Well, given that you are looking for all unrepeated combinations, that means there will be N! such combinations... (so, in your case, N! = 4! = 24 such combinations).
As I'm in the middle of posting this, dommer has pointed out a good implementation.
Just be warned that it's is going to get really slow for large values of N (since there are N! permutations).
Think about the two possible states of the world to see if that sheds any light.
1) There are no dupes in my array(i.e. each number in the array is unique). In this case, how many possible permutations are there?

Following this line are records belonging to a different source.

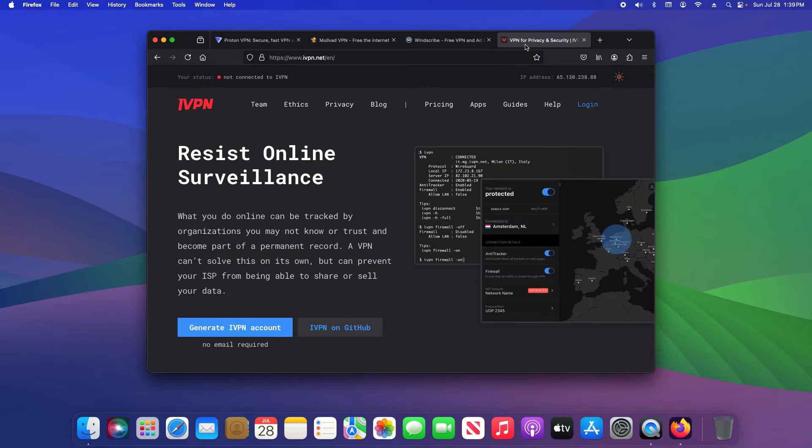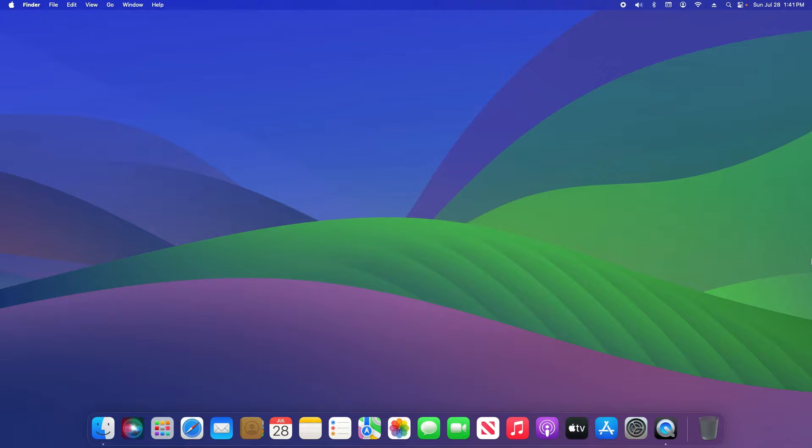The only VPN services you should be considering are ProtonVPN, Mullvad, Windscribe or IVPN. Next, you need to reduce the number of applications installed on your smartphone. Go through and remove all the applications you no longer use or don't need. If it's something that you can do inside a browser, do that instead.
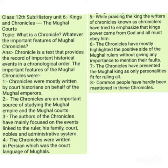Next, the chronicles present the Mughal rulers as the only personalities deserving to rule. The chroniclers have depicted such a picture of the Mughal rulers that it seems these were the only personalities who were fit to rule everyone.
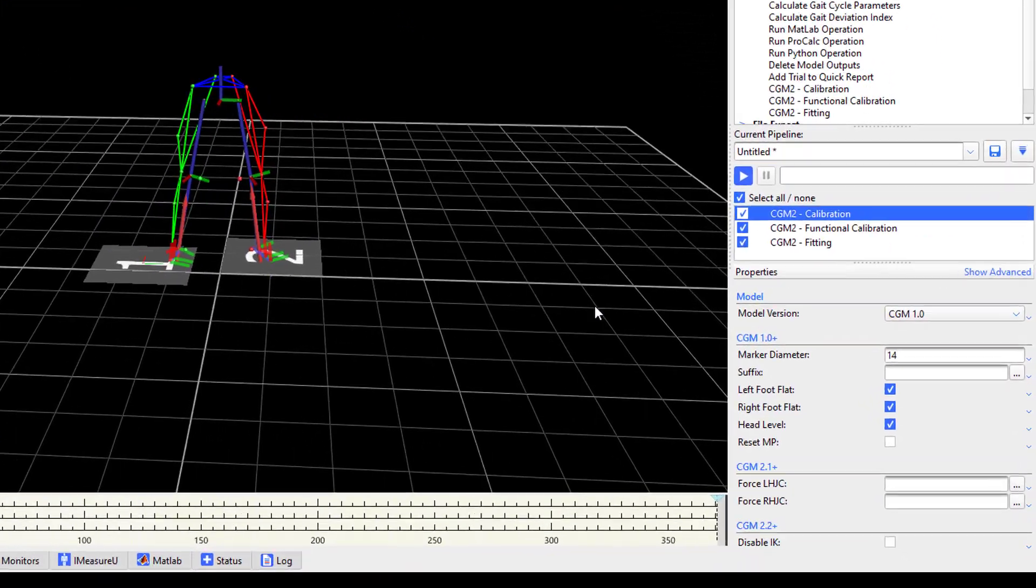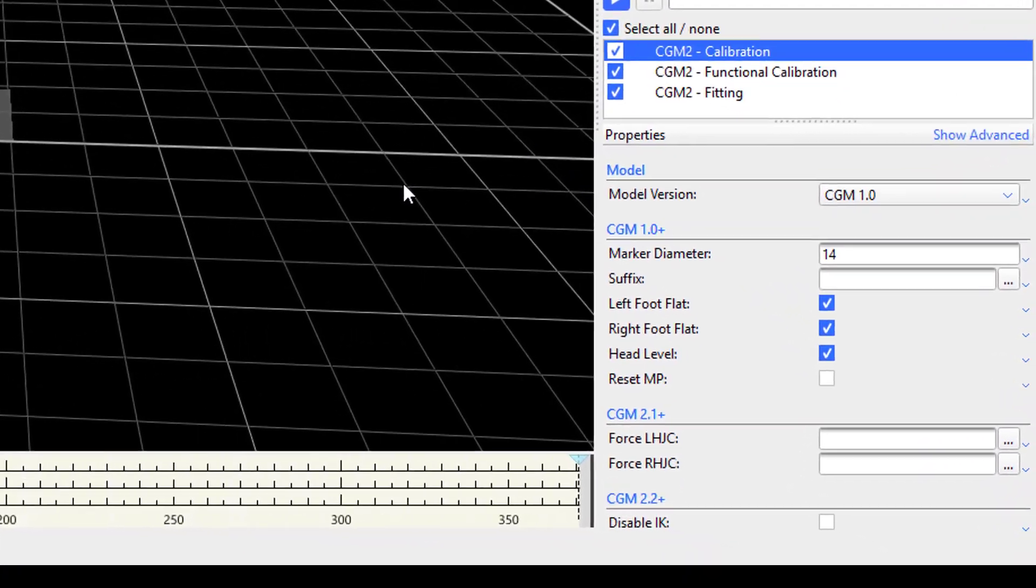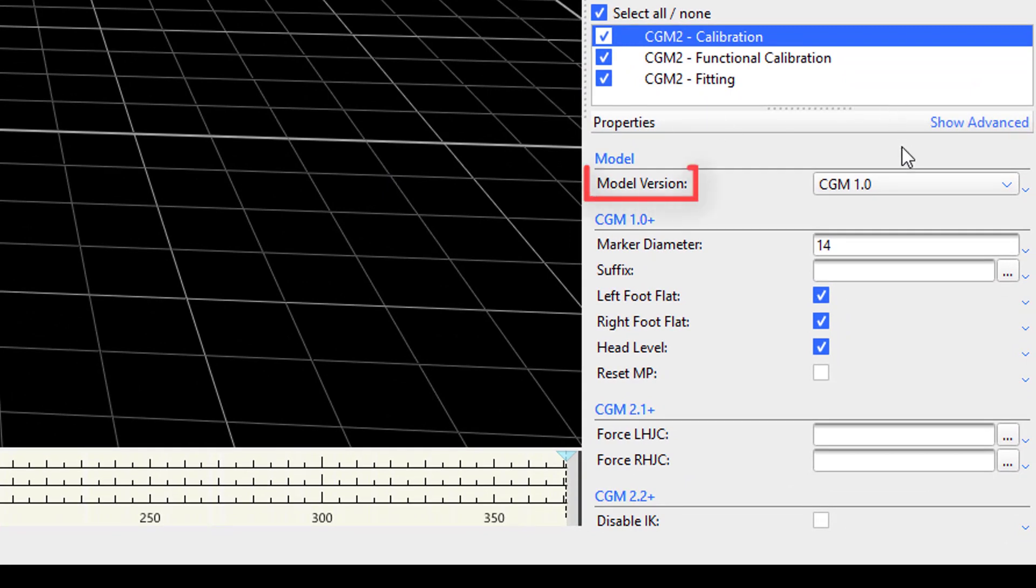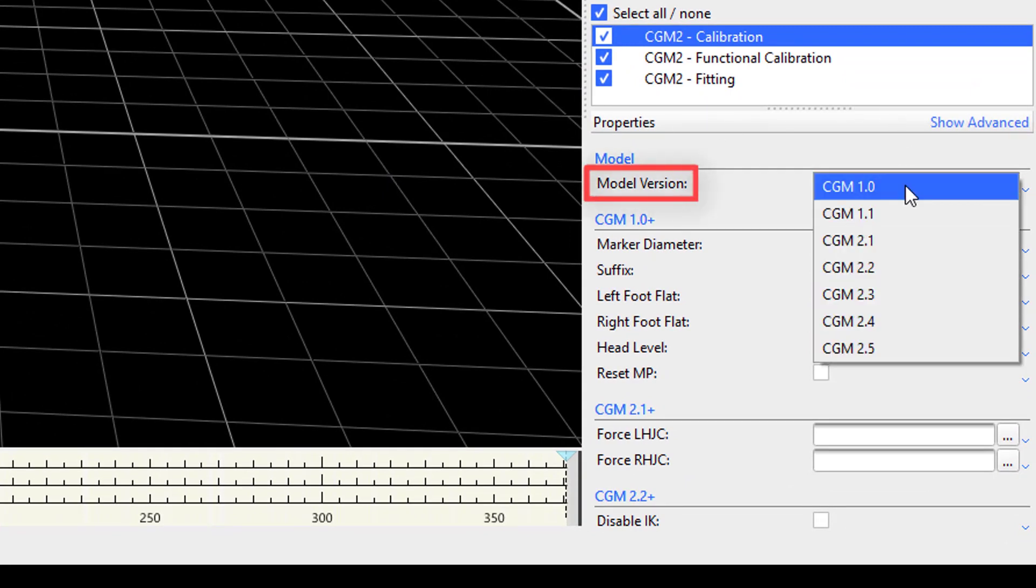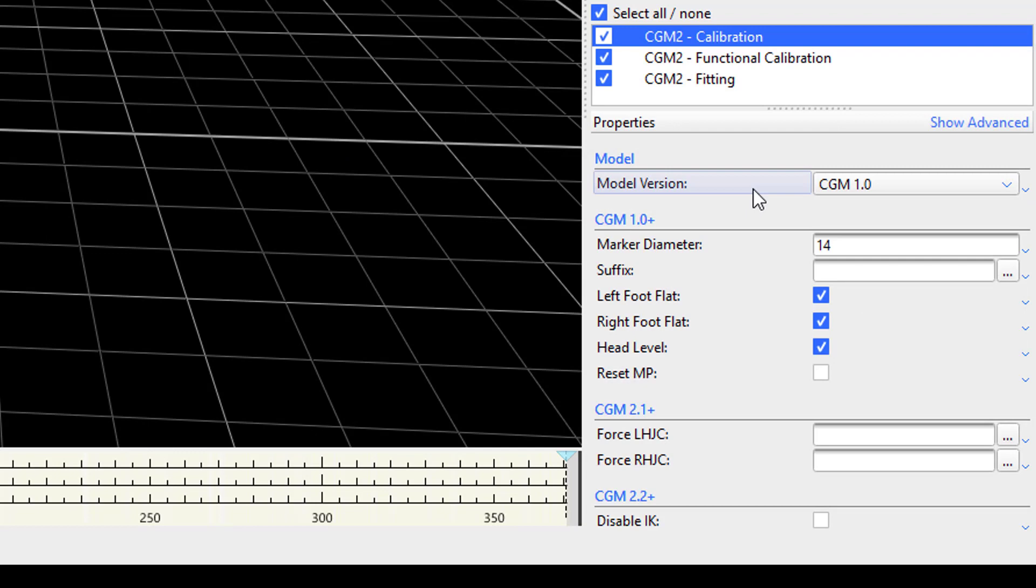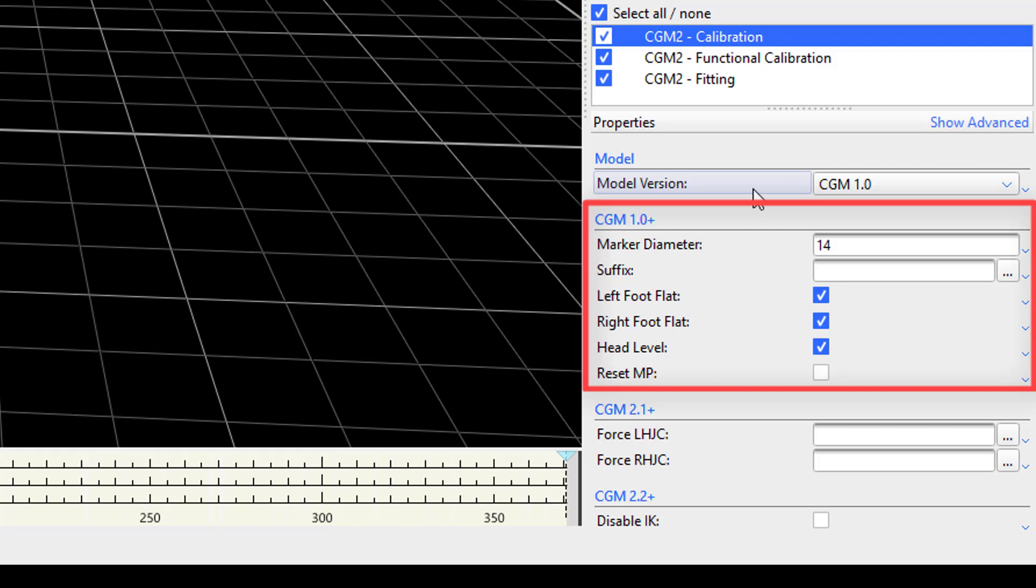In CGM2 calibration, there are four sections within its properties. The first section lets you specify which model you wish to use by using the dropdown menu next to model version. For those with experience processing using the plug-in gait model, the next section, 1.0 plus, will look familiar with properties such as marker diameter, and the ability to designate whether the feet or head are flat during the static trial. These are joined by a couple more parameters. The suffix field allows a user to append characters to the model outputs. This is especially useful if you are comparing the model outputs of multiple models which have the same output name.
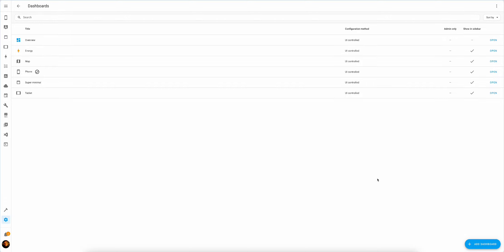Today we will create a dashboard based on the ChatGPT suggestions. I know it's all the craze these days, so why not use it for Home Assistant?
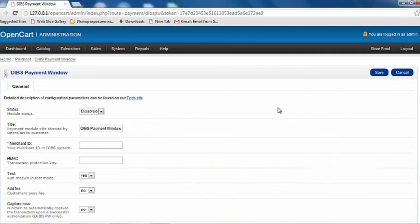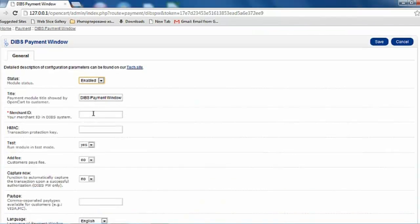On this screen, make sure to enable the Payment window, then fill out your Merchant ID and any other fields that you deem relevant.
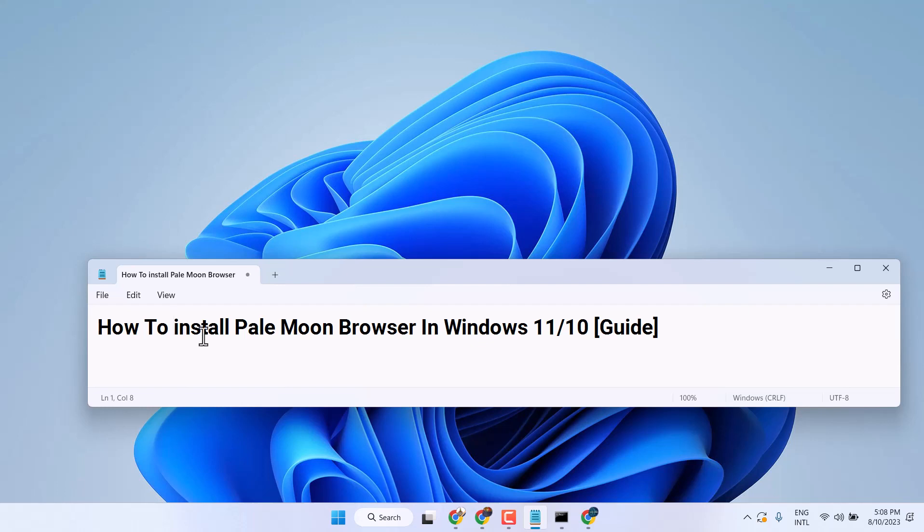In this video, I will show you how to install Pale Moon Browser in Windows 11 or 10.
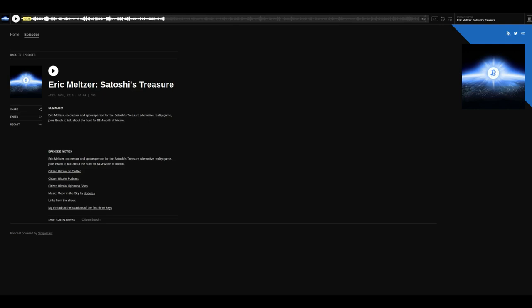I'll continue making these updates as new information comes in. I highly recommend that you go listen to a podcast done by Brady with Eric Meltzer. Eric is one of the people who is running Satoshi's treasure, and he talks about a few things that could end up being very important.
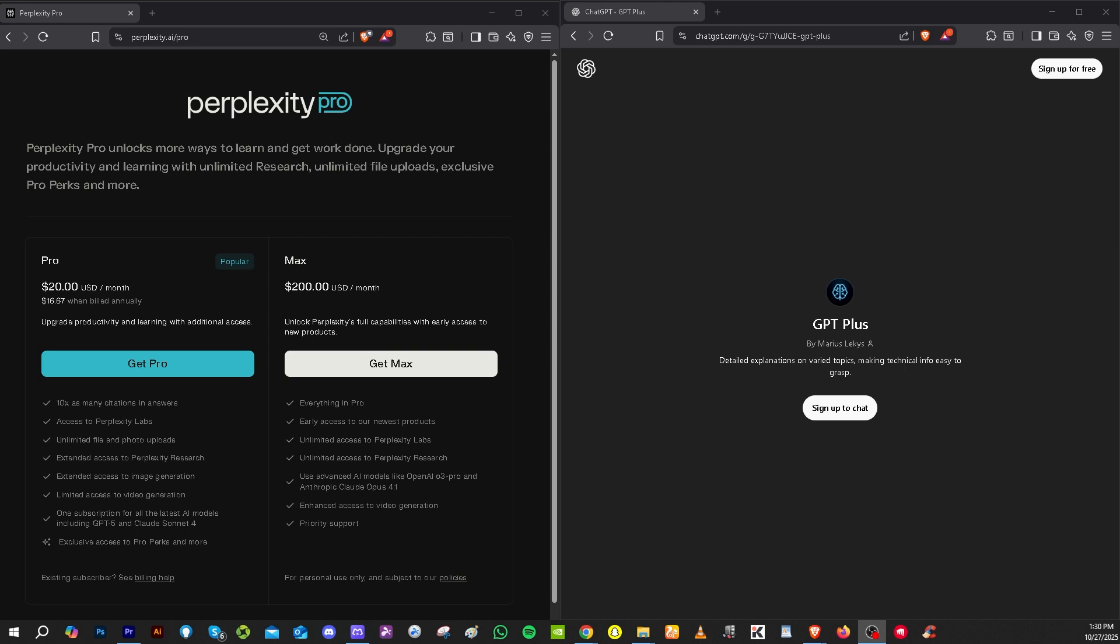Remember that the better one depends on multiple factors. For research and facts, go for Perplexity Pro. You can never make a mistake. For creativity and complex tasks, choose ChatGPT Plus.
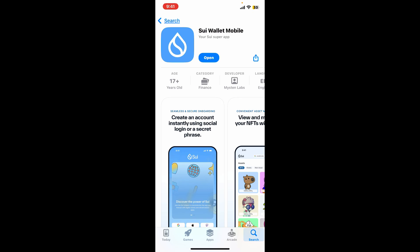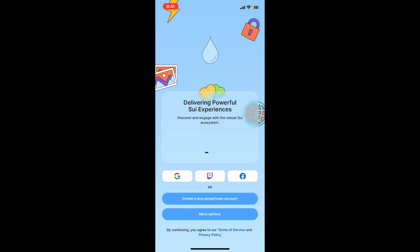Once the app is downloaded, tap on Open and you will then be able to open up the Sui Wallet app. Sui Wallet is a mobile application that allows you to manage your Sui tokens and interact with the Sui blockchain. It provides a secure and user-friendly interface for sending and receiving Sui tokens. It will also help you explore the Sui ecosystem and participate in various decentralized applications.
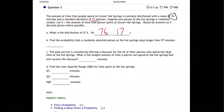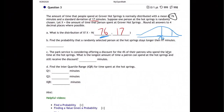Part B: find the probability that a random person stays longer than 97 minutes. Let me draw the normal curve. The middle is 76 because that's the average, and 97 would be somewhere way over to the right. Longer than 97 means we shade to the right of 97.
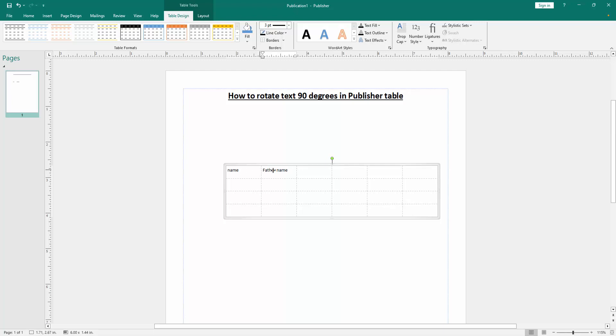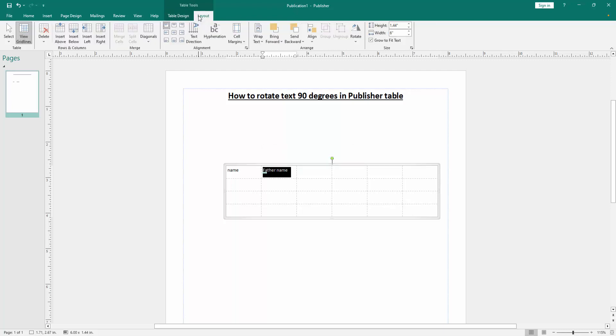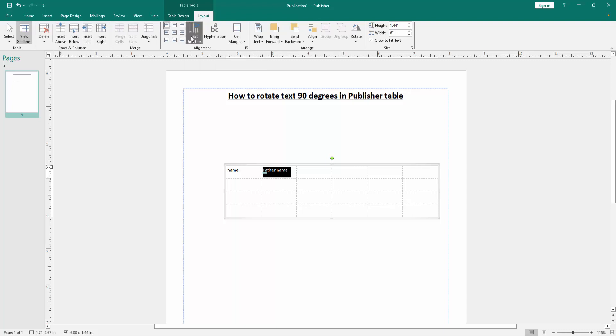Then select the text, click and drag on our mouse, and go to the Layout menu. And we can see here the Text Direction option. Now we rotate this text 90 degrees.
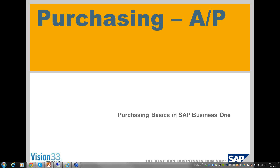Today we're going to start with the first part of a two-part series on purchasing. In a couple of weeks, we'll do a two-part series on sales, and so forth, until we kind of cover Business One top to bottom from a basics point of view. Please know that every one of these sessions is going to be recorded and posted, so you'll always be able to come back to it. It incorporates both a slide presentation and a real demonstration of the software, so I hope that you find these helpful.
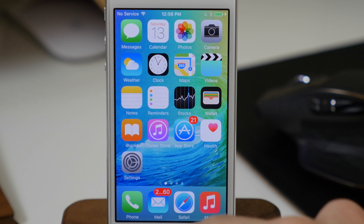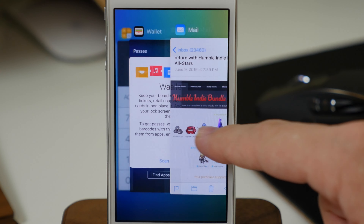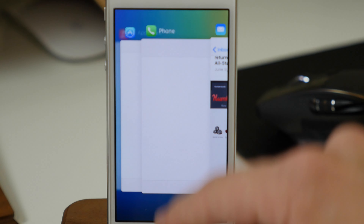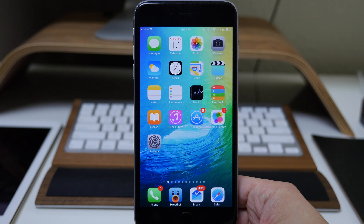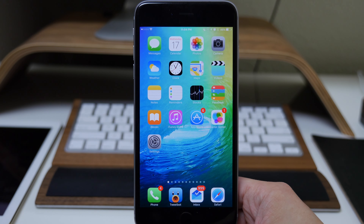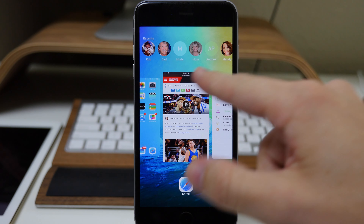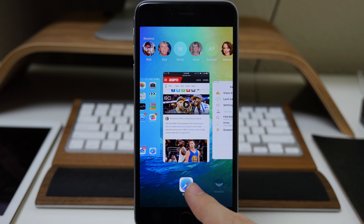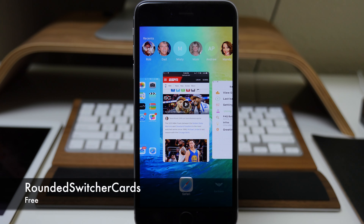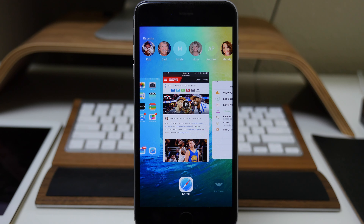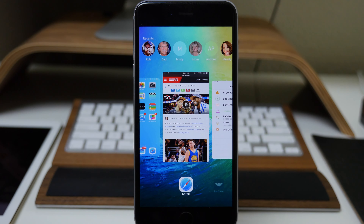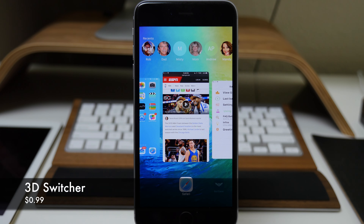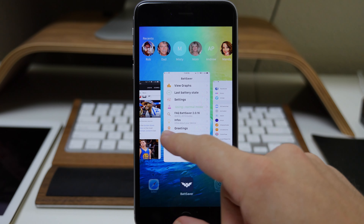We also got a brand new app switcher — it has those rounded corners and you can see that coverflow effect as you go through the switcher cards, and you can just swipe those up to close them. On the jailbroken device we have something similar: rounded corners for our app cards via a tweak called Rounded Switcher Cards — you have to add a repo for this, the link is in the description. There's also a different coverflow effect due to a tweak called 3D Switcher.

2) There is one single dupe in the array. So, of the number of permutations that you calculated in part one, how many are just duplicates
Hmmm, lets take a three element array for simplicity
1,3,5 has how many permutations?
1,3,5
1,5,3
3,1,5
3,5,1
5,1,3
5,3,1
So six permutations
Now what happens if we change the list to say 1,5,5?
We get
1,5,5
5,1,5
5,5,1
My question to you would be, how can you express this via factorials?
Perhaps try writing out all the permutations with a four element array and see if the light bulb goes off?
1,5,5 this is impossible in my problem. i reject array if it has same element.